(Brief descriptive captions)
********
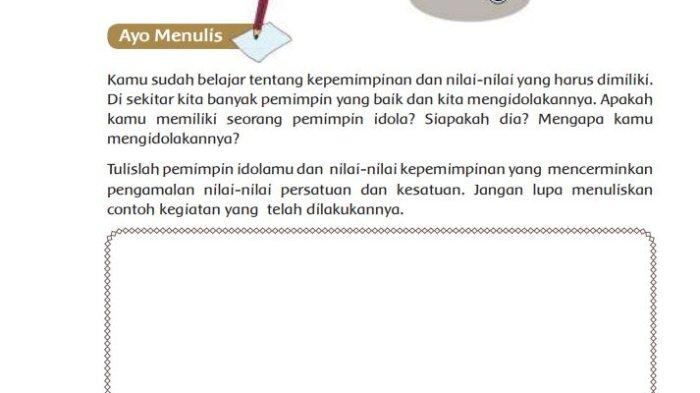Kunci Jawaban Tema msmmfdsmfsdfsdf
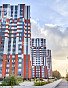 1-комнатная квартира, 39 м2, эт. 3, id: 1003000, фото 23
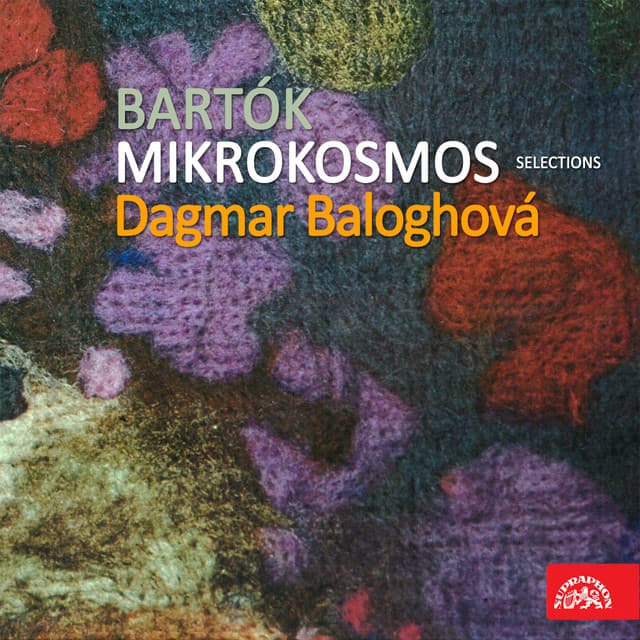 Bartók: Mikrokosmos / Selections - Béla Bartók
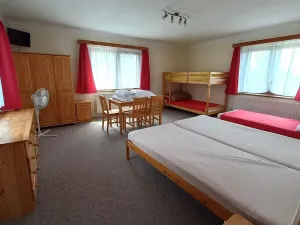 Pronájem rodinného domu, Pluhův Žďár, 160 m2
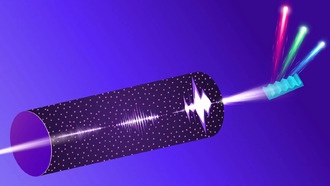 Новый метод суперразрешения в рентгеновской спектроскопии превращает шум в данные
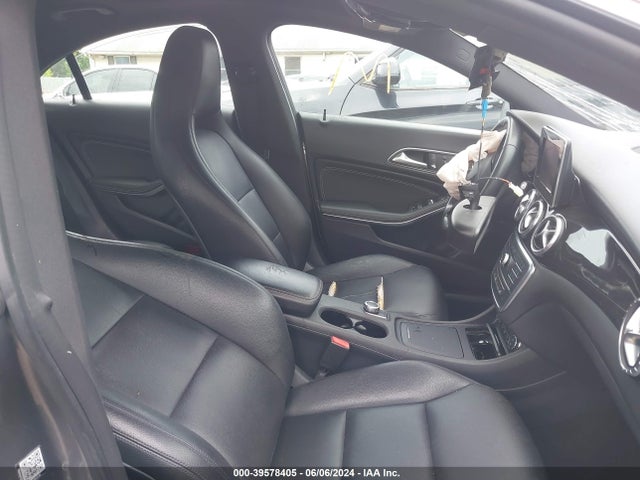 Mercedes-Benz CLA 250 2015 WDDSJ4EB0FN277515 Image 5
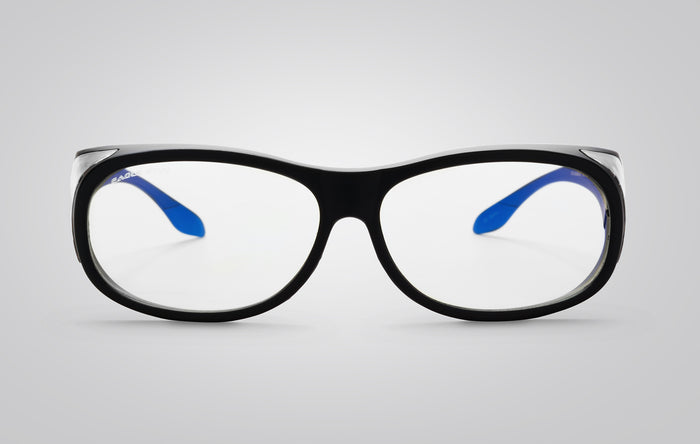 Eagle Eyes FitOn Sleek Digital Black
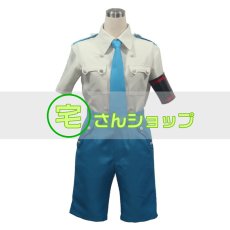 画像1: 新機動戦記ガンダムW ENDLESS WALTZ 特别篇 マリーメイア軍軍服 コスプレ衣装 (1)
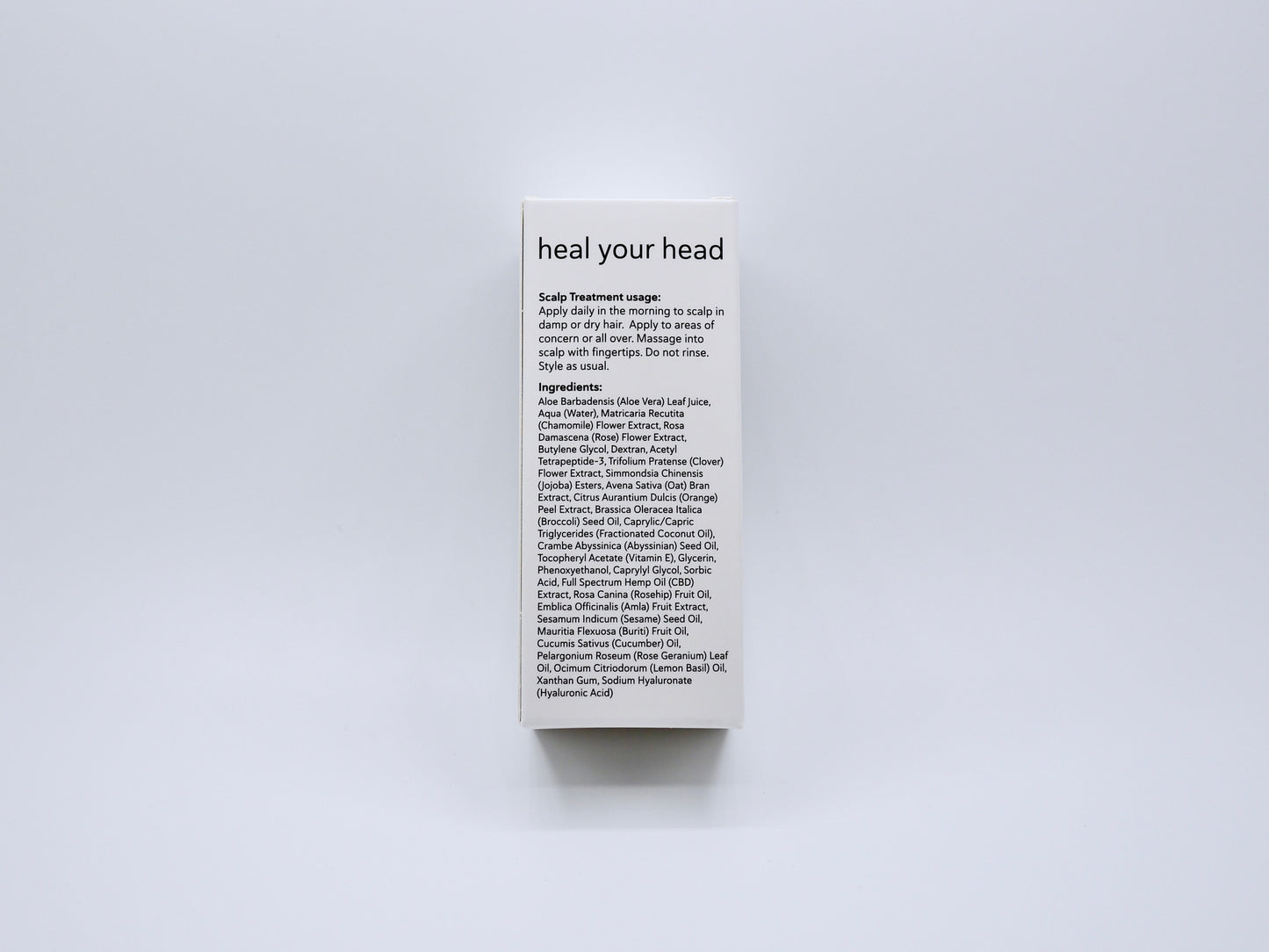LUNULA:day Scalp Treatment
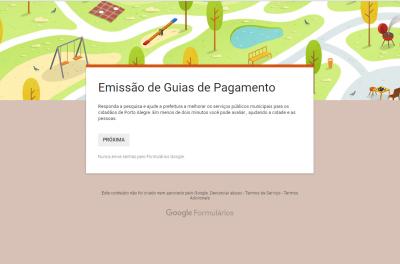 População já pode opinar sobre serviços públicos municipais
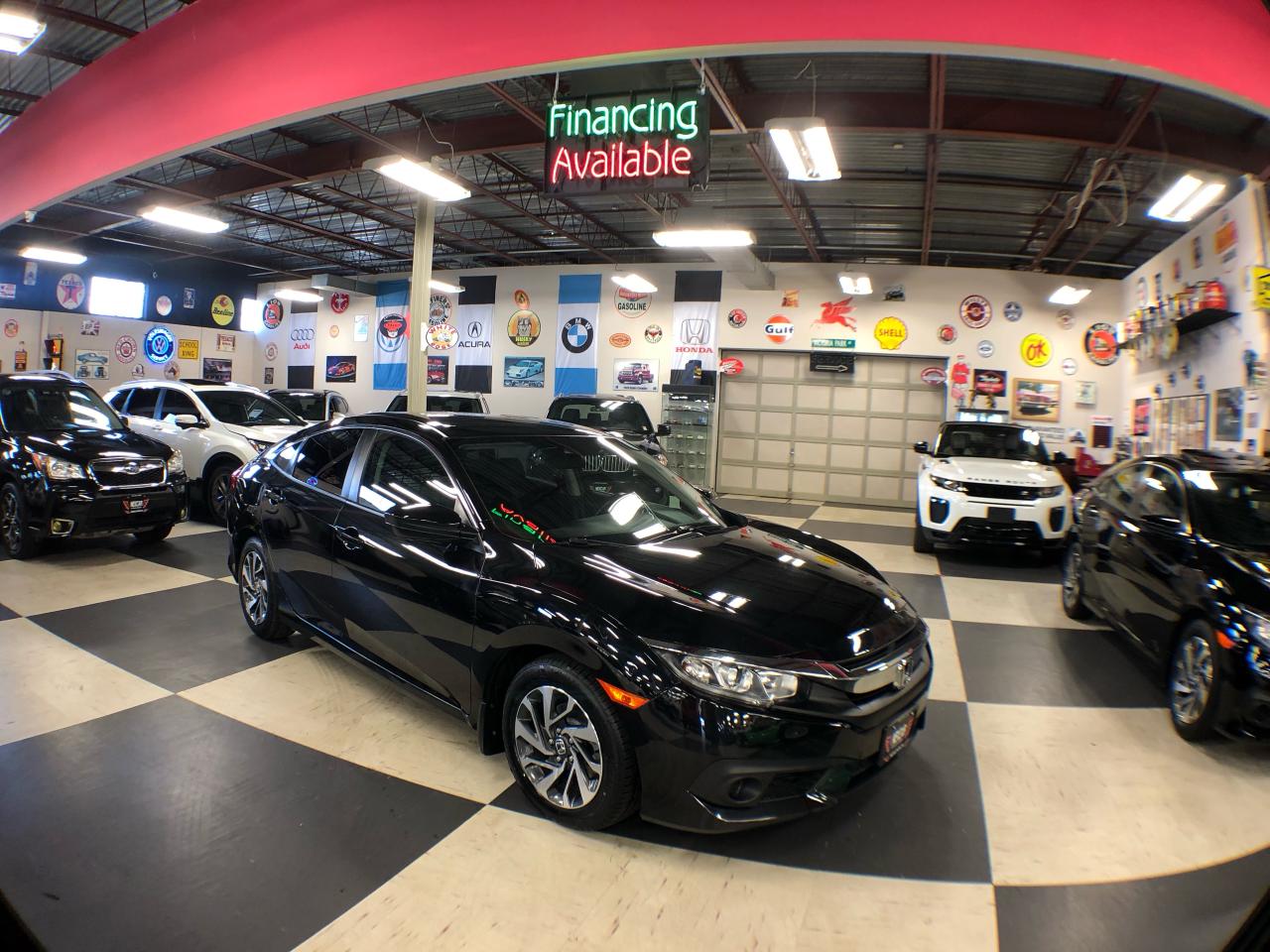 2018 Honda Civic SE AUT0 A/C H/SEATS CAMERA APPLE/CARPLAY L/ASSIST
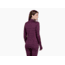 Kuhl Kaskade Zip Neck - Womens, Mulberry, Large, 4264BOX-MUL-L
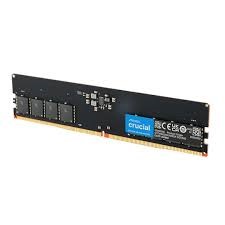 CRUCIAL 32GB 5600MHz DDR5 PC RAM CRUPC5600/32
********
Copy the records exactly, minus any pictures.

Kunci Jawaban Tema msmmfdsmfsdfsdf
 1-комнатная квартира, 39 м2, эт. 3, id: 1003000, фото 23
 Bartók: Mikrokosmos / Selections - Béla Bartók
 Pronájem rodinného domu, Pluhův Žďár, 160 m2
 Новый метод суперразрешения в рентгеновской спектроскопии превращает шум в данные
 Mercedes-Benz CLA 250 2015 WDDSJ4EB0FN277515 Image 5
 Eagle Eyes FitOn Sleek Digital Black
 画像1: 新機動戦記ガンダムW ENDLESS WALTZ 特别篇 マリーメイア軍軍服 コスプレ衣装 (1)
LUNULA:day Scalp Treatment
 População já pode opinar sobre serviços públicos municipais
 2018 Honda Civic SE AUT0 A/C H/SEATS CAMERA APPLE/CARPLAY L/ASSIST
 Kuhl Kaskade Zip Neck - Womens, Mulberry, Large, 4264BOX-MUL-L
 CRUCIAL 32GB 5600MHz DDR5 PC RAM CRUPC5600/32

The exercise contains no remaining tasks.